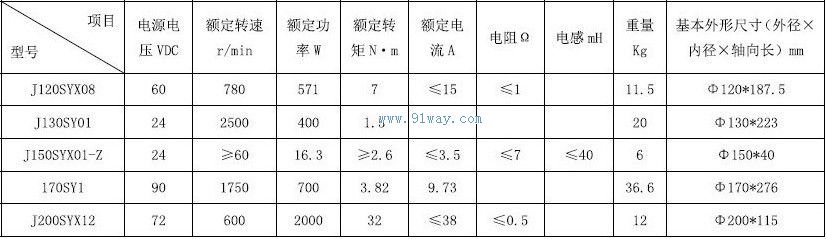 J120SYX08������ֱ���ŷ��綯����������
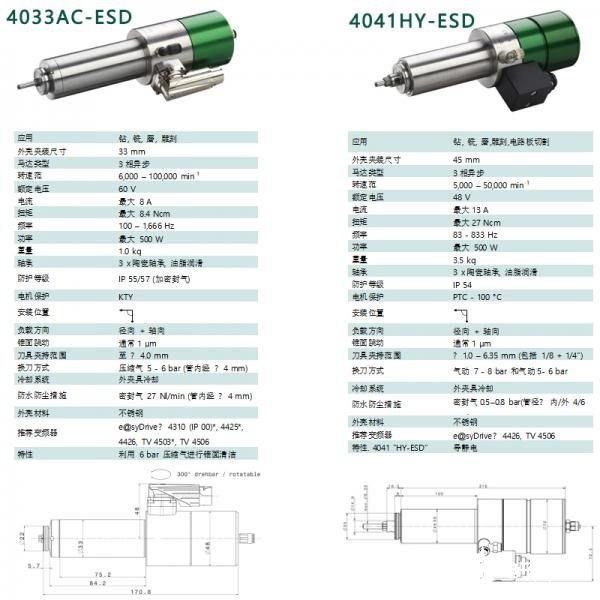 PCB板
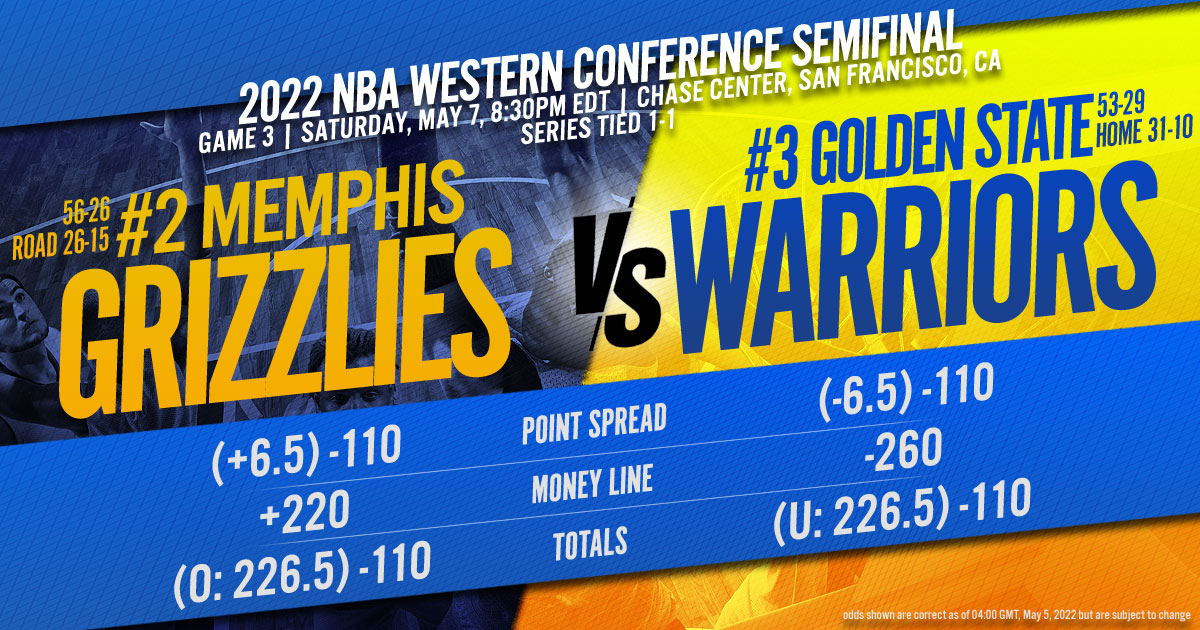 2022 NBA Western Conference Semifinal Game 3: Memphis Grizzlies vs. Golden State Warriors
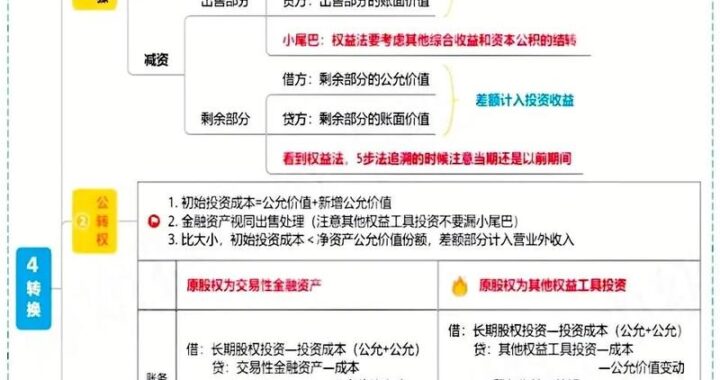 百度思维导图是什么？如何高效使用百度思维导图提升工作效率？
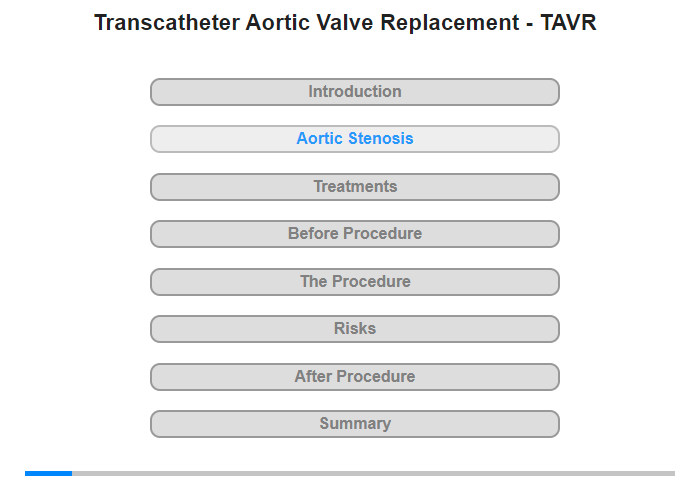 Aortic Stenosis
=-=-=
What is wanted is a word-for-word restatement of the entries, without their images.

◆ **Task solution**
 J120SYX08������ֱ���ŷ��綯����������
 PCB板
 2022 NBA Western Conference Semifinal Game 3: Memphis Grizzlies vs. Golden State Warriors
 百度思维导图是什么？如何高效使用百度思维导图提升工作效率？
 Aortic Stenosis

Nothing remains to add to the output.